* _Activity_:
Below, find the line containing "John Deere 670P"; from there to the final line, print every line exactly and skip the pictures.

* _Information supplied_:
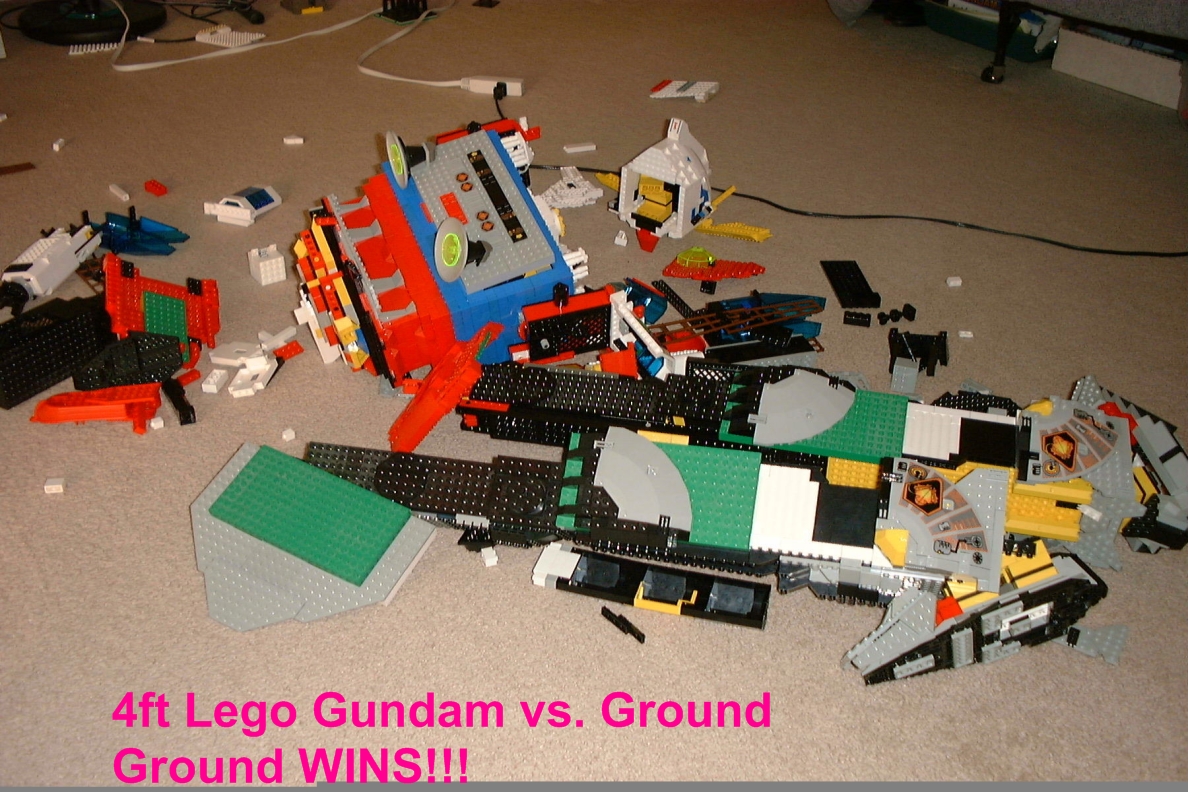 z2_4ft_gundam_vs_ground.jpg
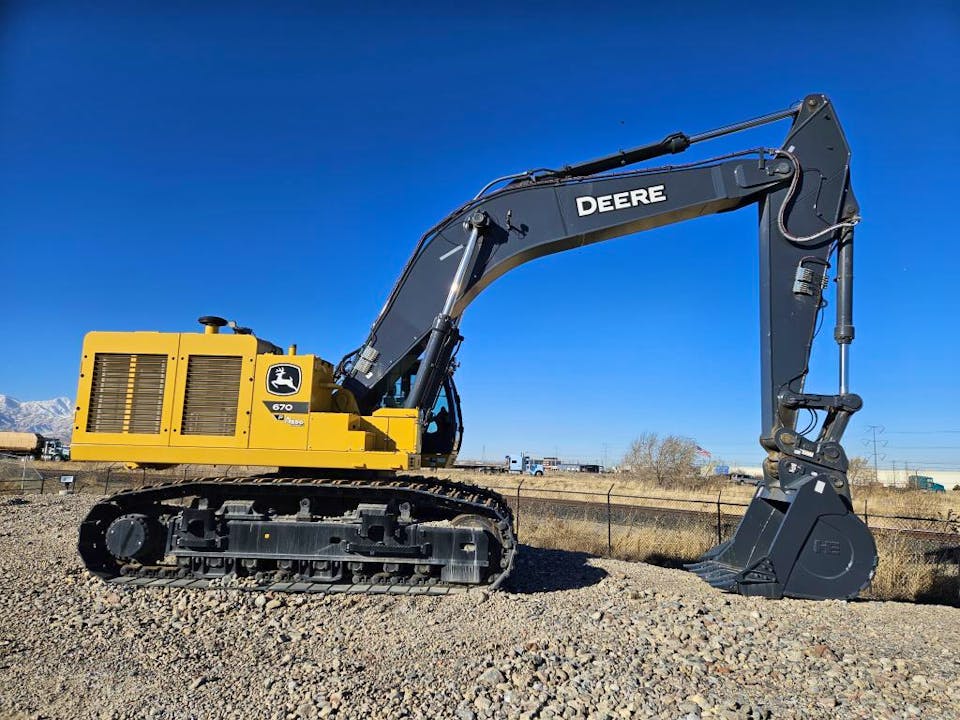 John Deere 670P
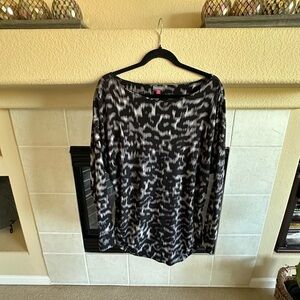 Vince Camuto  Gray Tunic top with sleeves and ruching on both sides- 3X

* _Reply_:
 John Deere 670P
 Vince Camuto  Gray Tunic top with sleeves and ruching on both sides- 3X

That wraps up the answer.